Introduction to Azure Synapse Dedicated SQL pools (formerly SQL DW)

Azure Synapse is a super-scalable analytics service for enterprise data warehousing and Big Data analytics. It gives you two options: Dedicated SQL pool or Serverless on-demand resources. This article will describe the Dedicated SQL pool.
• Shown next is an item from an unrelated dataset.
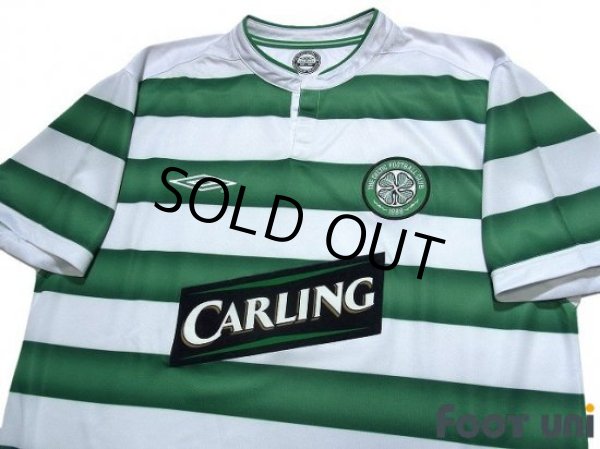 Photo3: Celtic 2003-2004 Home Shirt (3)
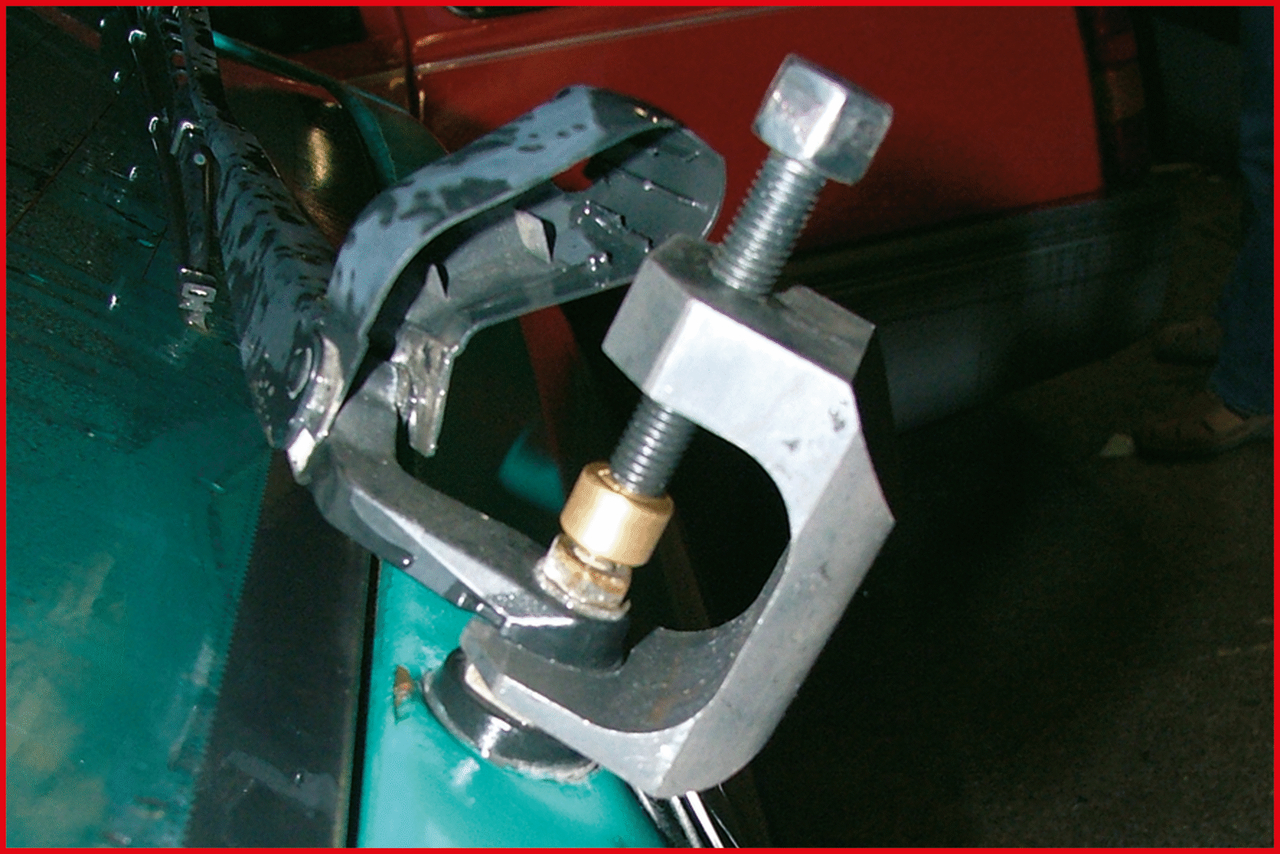 KS Tools Universal-Wischarm-Abzieher Typ 3, 17mm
On the surface it may look similar to an ordinary SQL Database, but inside the Azure Synapse Dedicated SQL pools is a tremendously powerful Massively Parallel Processing (MPP) engine. Originally there was the SQL Server Parallel Data Warehouse (PDW) applicance, which cost in the $1 million USD range (depending on number of compute nodes). So, with the Azure Synapse Dedicated SQL pools you can get the potential capacity of a multi-million dollar server. First when introduced it was called Azure SQL DW (or SQL Data Warehouse), and you still see that name in some places, for example if you type SELECT @@VERSION.

The figure describes the general architecture. Basically, the SQL queries (from users and applications) comes into the control node. The control node then distributes the query to the compute nodes and assembles the results. Data is transferred between nodes using the Data Movement Service (DMS).

Azure Synapse Dedicated SQL Pool Architecture

Creating your first Azure Synapse Dedicated SQL Pool

You can easily create a Dedicated Pool like any other resource through the Azure Portal or through Azure Resource Manager. Just search for "sql pool", and it should appear in the list.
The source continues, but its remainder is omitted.